GPU SHOOTOUT, Round Two:
GeForce GTX 285 versus Others
with new drivers and OS X 10.5.8
Posted Friday, August 7th, 2009, by rob-ART morgan, mad scientist
New drivers have been released for the GeForce GTX 285 along with OS X 10.5.8 so we re-ran several of our GPU intensive tests to see what difference those changes made and how the GTX 285 compares to the Radeon HD 4870 and other Nehalem Mac Pro GPUs. Though we were most interested in test results at 2560x1600 with highest quality settings, we also ran at 1280x800 with some surprising results on which we will comment after you see the graphs.
Enemy Territory: Quake Wars (1.5) was run with 8x Anisotropy and 4X Anti Aliasing (aka Multi-Sampling). Starting with the "High Quality" preset, we set Lighting to "high" and enabled Soft Particles.
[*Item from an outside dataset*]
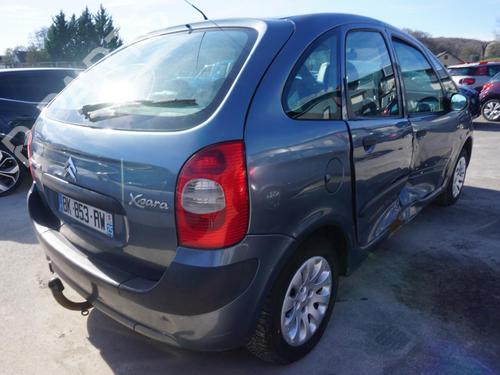 Front right lock CITROËN XSARA PICASSO (N68) 1.6 HDi | BP22517737C97 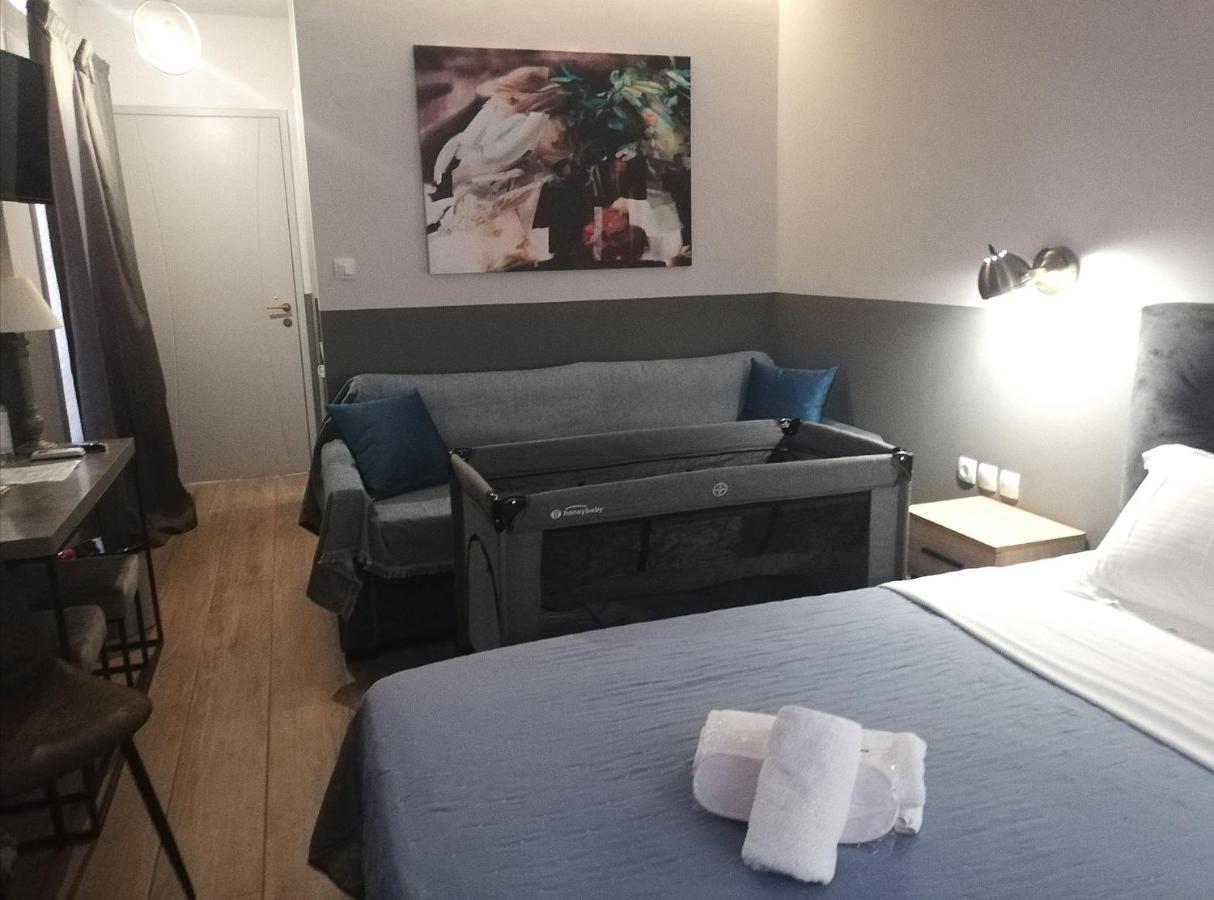 Skiron Junior Suite. Nafplio Exterior foto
We included some results running under Vista Ultimate (see blue bars).
Call of Duty 4 (1.7.1) was run with 4X Multi-Sampling, Shadows set to "yes," Soften Smoke Edges set to "yes," Texture Filtering to "trilinear," Anisotropy slider set to maximum, and texture resolution to "extra." We included some results running under Vista Ultimate (see blue bars).
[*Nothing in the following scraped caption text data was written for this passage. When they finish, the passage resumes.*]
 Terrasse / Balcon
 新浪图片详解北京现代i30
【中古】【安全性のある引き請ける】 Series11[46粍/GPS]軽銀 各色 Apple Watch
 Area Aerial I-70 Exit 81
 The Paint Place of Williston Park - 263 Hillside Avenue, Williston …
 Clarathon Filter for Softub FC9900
OpenGL Extensions Viewer has a Test Tab. We chose Standard Framebuffer, 4X Multisampling, 8X Anisotropy, Fog, Benchmark, and Transparency. The graph below shows the framerates of the OpenGL 2.0 extension.
Motion 3 pioneered the concept of offloading Core Image effect rendering to the GPU as well as using more than 3G of RAM to cache the preview. We timed "RAM Preview - Play Range" of a 900 frame HD template called "Blocks-Detail.HD." We converted the result into frames per second.
Imaginator takes one or more Core Image effects and applies them to a photograph. Our test applies a mixture of effects on the fly to a 1000 frame morph of one photograph to another.
LEGEND OF GRAPHS
RED means fastest, BLUE means Vista Ultimate (a la Boot Camp)
GTX285 = nVidia GeForce GTX 285 (1G GDDR3) - 18.5.2f16 driver
FX4800 = nVidia Quadro FX 4800 (1.5G GDDR3)
R4870 = ATI Radeon HD 4870 (512M GDDR5)
G8800 = nVidia GeForce 8800 GT (512M GDDR3)
R3870 = ATI Radeon HD 3870 (512M GDDR4)
G120GT = nVidia GeForce GT 120 (512MB GDDR3)
m = Mac OS X, v = Vista Ultimate
Test "Mule" was the Nehalem Mac Pro 8-core running at 2.93GHz (12G of RAM).
ANALYSIS
Though the new driver and OS release doesn't make the GeForce GTX 285 go faster, it continues to dominate in our extreme 3D tests and competes well with the Radeon HD 4870 in all but one Pro App Core Image test we tried. Therefore it wins the "best all around performance" award.
If you choose the GTX 285, you better have a display with a standard DVI connector (like the Apple 30" Cinema or old 23" Cinema). If you have the Apple 24" Cinema with the mini displayport, there does not currently exist an adapter that will allow you to connect it to the standard DVI connectors of the GTX 285. The 24" Cinema does work with the Radeon HD 4870 because it has one mini displayport.
Wondering if the extra video memory gave it the edge over the Radeon HD 4870, we also tested a 1GB Radeon HD 4870 courtesy of AppleMacanix. It was only a few ticks faster than the Radeon HD 4870 with 512MB of GDDR5 which was due to the fact that it was clocked slightly higher.
What was most interesting was the results for CoD4 and ET:QW with max settings at 1280x800. For some reason, the Radeon HD 4870 was faster than the GTX 285 at that resolution under Mac OS X but remains slower under Vista Ultimate:
Lastly, keep in mind that both the GTX 285 and the HD 4870 require two power feeds, which precludes adding a second GPU or PCIe adapter that requires a power feed from the motherboard. There are only two PCIe power sources on the motherboard and the power limit of the PCIe bus is 300 watts.